WORK TO BE COMPLETED
Through the last line of the entries, please copy every line exactly, starting with the one that contains "Load image into".

Stored entries:
========================
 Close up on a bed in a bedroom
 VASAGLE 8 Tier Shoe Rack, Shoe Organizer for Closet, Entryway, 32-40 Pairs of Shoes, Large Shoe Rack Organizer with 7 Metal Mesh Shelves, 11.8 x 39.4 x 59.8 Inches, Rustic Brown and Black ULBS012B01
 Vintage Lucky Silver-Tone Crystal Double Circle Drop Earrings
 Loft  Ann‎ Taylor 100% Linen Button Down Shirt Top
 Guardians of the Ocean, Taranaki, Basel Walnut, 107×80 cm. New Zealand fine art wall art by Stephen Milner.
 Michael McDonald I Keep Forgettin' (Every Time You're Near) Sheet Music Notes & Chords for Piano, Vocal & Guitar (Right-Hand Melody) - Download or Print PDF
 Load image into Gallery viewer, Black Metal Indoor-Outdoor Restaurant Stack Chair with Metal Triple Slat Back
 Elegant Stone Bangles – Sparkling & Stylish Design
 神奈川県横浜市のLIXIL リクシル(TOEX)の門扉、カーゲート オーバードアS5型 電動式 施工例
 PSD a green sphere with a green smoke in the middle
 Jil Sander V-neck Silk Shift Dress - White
========================
COMPLETED TASK
 Load image into Gallery viewer, Black Metal Indoor-Outdoor Restaurant Stack Chair with Metal Triple Slat Back
 Elegant Stone Bangles – Sparkling & Stylish Design
 神奈川県横浜市のLIXIL リクシル(TOEX)の門扉、カーゲート オーバードアS5型 電動式 施工例
 PSD a green sphere with a green smoke in the middle
 Jil Sander V-neck Silk Shift Dress - White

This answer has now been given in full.